HDFS Parallel replication

Source: Internet
Author: User

1) Distcp (distributed copy) is a tool for copying between large-scale clusters within and between clusters.

2) The DISTCP command is implemented in the form of an Mr Job (no r Task), with the list of files and directories as input to the M task. Each file is copied by a M task, distcp try to import the same size and the same files into the same m task. This allows you to copy roughly the same amount of data per m task.

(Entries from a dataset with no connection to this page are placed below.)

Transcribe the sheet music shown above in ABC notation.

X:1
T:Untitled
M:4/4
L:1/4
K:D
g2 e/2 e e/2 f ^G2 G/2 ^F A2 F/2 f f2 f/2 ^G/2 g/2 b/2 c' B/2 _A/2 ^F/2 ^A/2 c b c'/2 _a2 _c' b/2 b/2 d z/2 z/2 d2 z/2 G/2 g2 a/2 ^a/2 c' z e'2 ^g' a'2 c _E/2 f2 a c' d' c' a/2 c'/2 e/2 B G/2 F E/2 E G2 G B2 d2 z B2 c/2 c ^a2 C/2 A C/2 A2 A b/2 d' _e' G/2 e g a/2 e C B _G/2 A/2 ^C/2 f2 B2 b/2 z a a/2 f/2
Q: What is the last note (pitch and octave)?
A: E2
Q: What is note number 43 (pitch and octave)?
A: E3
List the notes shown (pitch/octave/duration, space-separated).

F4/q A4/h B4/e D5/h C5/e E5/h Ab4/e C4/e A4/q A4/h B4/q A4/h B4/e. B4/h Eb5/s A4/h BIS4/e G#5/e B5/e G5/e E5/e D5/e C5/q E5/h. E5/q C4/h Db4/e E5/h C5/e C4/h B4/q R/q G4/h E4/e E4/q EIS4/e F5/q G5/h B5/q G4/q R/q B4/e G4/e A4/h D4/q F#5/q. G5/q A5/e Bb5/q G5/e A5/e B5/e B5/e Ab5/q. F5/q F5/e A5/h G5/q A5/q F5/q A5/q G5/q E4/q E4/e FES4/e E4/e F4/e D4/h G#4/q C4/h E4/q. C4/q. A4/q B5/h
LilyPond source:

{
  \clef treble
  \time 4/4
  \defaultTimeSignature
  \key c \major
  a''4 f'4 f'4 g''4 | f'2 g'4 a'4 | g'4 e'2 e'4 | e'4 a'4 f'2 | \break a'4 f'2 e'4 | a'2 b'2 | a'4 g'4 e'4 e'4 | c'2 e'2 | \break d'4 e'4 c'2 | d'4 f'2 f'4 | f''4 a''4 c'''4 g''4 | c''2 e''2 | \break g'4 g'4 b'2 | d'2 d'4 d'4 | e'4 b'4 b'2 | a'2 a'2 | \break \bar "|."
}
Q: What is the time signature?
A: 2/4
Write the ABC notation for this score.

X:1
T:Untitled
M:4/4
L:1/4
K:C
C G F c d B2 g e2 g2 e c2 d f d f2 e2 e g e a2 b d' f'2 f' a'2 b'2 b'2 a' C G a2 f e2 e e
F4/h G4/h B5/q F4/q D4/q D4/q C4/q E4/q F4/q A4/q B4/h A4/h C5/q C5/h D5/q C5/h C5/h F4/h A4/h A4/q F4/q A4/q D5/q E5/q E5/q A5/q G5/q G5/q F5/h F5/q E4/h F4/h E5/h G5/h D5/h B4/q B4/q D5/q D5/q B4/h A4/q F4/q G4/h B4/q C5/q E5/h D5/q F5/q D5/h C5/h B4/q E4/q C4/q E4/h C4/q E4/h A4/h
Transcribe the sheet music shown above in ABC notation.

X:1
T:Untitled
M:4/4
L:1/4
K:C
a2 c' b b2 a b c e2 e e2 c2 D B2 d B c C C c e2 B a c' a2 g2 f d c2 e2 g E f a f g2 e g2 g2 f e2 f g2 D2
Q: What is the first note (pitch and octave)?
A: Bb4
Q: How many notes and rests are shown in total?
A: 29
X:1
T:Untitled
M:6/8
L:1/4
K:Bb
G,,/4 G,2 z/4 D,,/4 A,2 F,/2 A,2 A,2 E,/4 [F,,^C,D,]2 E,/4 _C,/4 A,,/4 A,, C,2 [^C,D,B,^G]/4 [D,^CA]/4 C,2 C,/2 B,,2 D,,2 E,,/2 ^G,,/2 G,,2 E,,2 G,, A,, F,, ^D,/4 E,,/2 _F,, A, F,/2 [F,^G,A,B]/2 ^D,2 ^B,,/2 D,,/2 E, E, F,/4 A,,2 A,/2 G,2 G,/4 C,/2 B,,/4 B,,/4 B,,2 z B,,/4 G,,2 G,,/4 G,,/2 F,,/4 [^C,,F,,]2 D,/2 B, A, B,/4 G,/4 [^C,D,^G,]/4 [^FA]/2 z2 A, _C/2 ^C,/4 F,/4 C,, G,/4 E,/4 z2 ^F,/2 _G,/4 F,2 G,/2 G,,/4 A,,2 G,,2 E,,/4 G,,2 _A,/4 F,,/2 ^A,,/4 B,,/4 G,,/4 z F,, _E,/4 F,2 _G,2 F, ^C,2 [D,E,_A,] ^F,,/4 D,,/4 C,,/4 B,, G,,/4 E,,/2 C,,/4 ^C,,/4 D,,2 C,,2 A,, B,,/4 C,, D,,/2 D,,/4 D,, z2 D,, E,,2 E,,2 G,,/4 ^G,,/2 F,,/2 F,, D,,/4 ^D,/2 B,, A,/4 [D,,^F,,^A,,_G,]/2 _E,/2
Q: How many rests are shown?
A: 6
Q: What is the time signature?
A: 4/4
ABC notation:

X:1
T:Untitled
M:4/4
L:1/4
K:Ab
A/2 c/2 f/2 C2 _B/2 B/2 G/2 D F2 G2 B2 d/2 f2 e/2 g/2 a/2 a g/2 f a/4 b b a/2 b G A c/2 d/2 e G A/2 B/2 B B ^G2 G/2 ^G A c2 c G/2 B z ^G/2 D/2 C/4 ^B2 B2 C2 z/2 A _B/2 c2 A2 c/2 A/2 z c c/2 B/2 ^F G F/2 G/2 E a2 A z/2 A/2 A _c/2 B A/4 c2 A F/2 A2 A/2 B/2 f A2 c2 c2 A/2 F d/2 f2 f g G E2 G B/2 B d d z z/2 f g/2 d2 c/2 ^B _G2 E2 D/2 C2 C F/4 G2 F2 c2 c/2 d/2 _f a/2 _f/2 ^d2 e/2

3) copy between clusters (HDFs version is the same):

bash$ Hadoop distcp HDFs://nn1:8020/foo/bar HDFs://Nn2:8020/bar/foo

This command expands and stores all files or directory names in the/foo/bar directory of the NN1 cluster into a temporary file, where copies of the contents of the files are assigned to multiple m tasks, and each TT performs a copy operation from NN1 to NN2, respectively. "distcp operation with absolute path "

4) Multiple Source directory copies

bash$ Hadoop distcp HDFs://nn1:8020/foo/a hdfs://nn1:8020/foo/b HDFs://  Nn2:8020/bar/foo

5) Updates - Update and overwrite -overwrite

By default, if a file already exists with the same name as the destination of the copy, the files are skipped by default. You can specify to overwrite the file with the same name through the-overwrite option, or update the file with the same name with the-update option. For more usage of DISTCP, you can run the Hadoop distcp command without parameters to see its usage.

6) Copy between different versions of HDFs

If the two cluster Hadoop version is inconsistent , you cannot use the HDFs identifier to copy files because the RPC system is incompatible.

    • One approach is to use the hftp file system based on read-only HTTP to read the source data (this command executes on the target cluster to ensure that the RPC version is compatible), and in the command you need to specify the NN1 network port. It is specified by dfs.http.address and defaults to 50070.
% Hadoop distcp hftp://namenode1:50070/foo HDFs://Namenode2/bar
    • Another approach is to use the Webhdfs protocol (replacing the HFTP Protocol) so that HTTP can be used at both the source and destination of the copy without worrying about incompatible versions:
% Hadoop distcp Webhdfs://namenode1:50070/foo Webhdfs://Namenode2:50070/bar 

M The number of tasks is determined as follows:

1) Given the overhead of creating m tasks, each m task processes at least 256MB of data (if the total input file is less than 256MB, all of the input data is given to an M task to execute). For example , a 1GB size input data will be assigned four m tasks to copy.

2) If the data to be copied is really large, then it cannot be divided by the criteria for each m task 256MB input data, as this may require a lot of m tasks to be created. This can be divided by 20 m tasks per DN, For example , if there is 1000GB of input data and 100 nodes, this will start 100*20=2000 m task to copy data, each m task copy 512MB data. We can also specify the number of M to use with the-M option, for example, the-M 1000 initiates 1000 m tasks, each of which copies 1GB data.

HDFS Parallel replication

Contact Us

The content source of this page is from Internet, which doesn't represent Alibaba Cloud's opinion; products and services mentioned on that page don't have any relationship with Alibaba Cloud. If the content of the page makes you feel confusing, please write us an email, we will handle the problem within 5 days after receiving your email.

If you find any instances of plagiarism from the community, please send an email to: info-contact@alibabacloud.com and provide relevant evidence. A staff member will contact you within 5 working days.

A Free Trial That Lets You Build Big!

Start building with 50+ products and up to 12 months usage for Elastic Compute Service

  • Sales Support

    1 on 1 presale consultation

  • After-Sales Support

    24/7 Technical Support 6 Free Tickets per Quarter Faster Response

  • Alibaba Cloud offers highly flexible support services tailored to meet your exact needs.